Prospects are particularly grim for those who lost their jobs in the first weeks of the crisis. More than 2.4 million people have been out of work for 27 weeks or more, the formal — if somewhat arbitrary — threshold for long-term joblessness. An even bigger wave is on the way: Nearly 5 million people have been out of work for 15 to 26 weeks.

Research has found that people who are out of work for six months or more have a harder time getting jobs even when the economy improves, and many end up leaving the workforce. That can leave lasting scars on both workers and the broader economy.

The September data carried particularly grim news about the pandemic’s impact on women. Initial job losses were concentrated among employers with heavily female workforces, like the hospitality and retail industries. While employment in those businesses has begun to bounce back, many women have been unable to return to work because they are disproportionately shouldering the burden of having children home from school.

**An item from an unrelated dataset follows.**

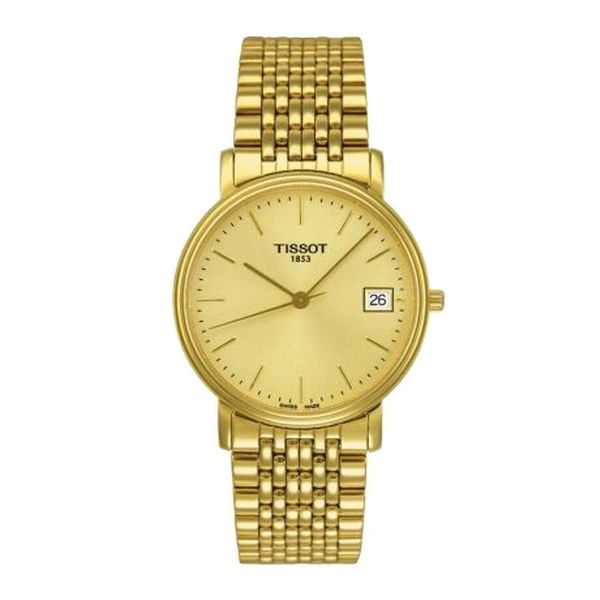 Tissot T52.5.481.21 - Desire Quartz 34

The number of women working fell by 143,000 in September, and the share of women working or actively looking for work — a measure known as the labor force participation rate — dropped to 55.6% from 56.1%. Apart from April and May 2020, that is the lowest reading for women’s labor force participation since 1987.

Economists worry that the unexpected pause in their careers could prove to be a long-term setback for many women.

“We know that women leaving the workforce to care for children for a while has lasting effects on their earnings, their seniority and their climb up the ladder,” said Julia Pollak, a labor economist with the career site ZipRecruiter. “Career interruptions have a huge effect.”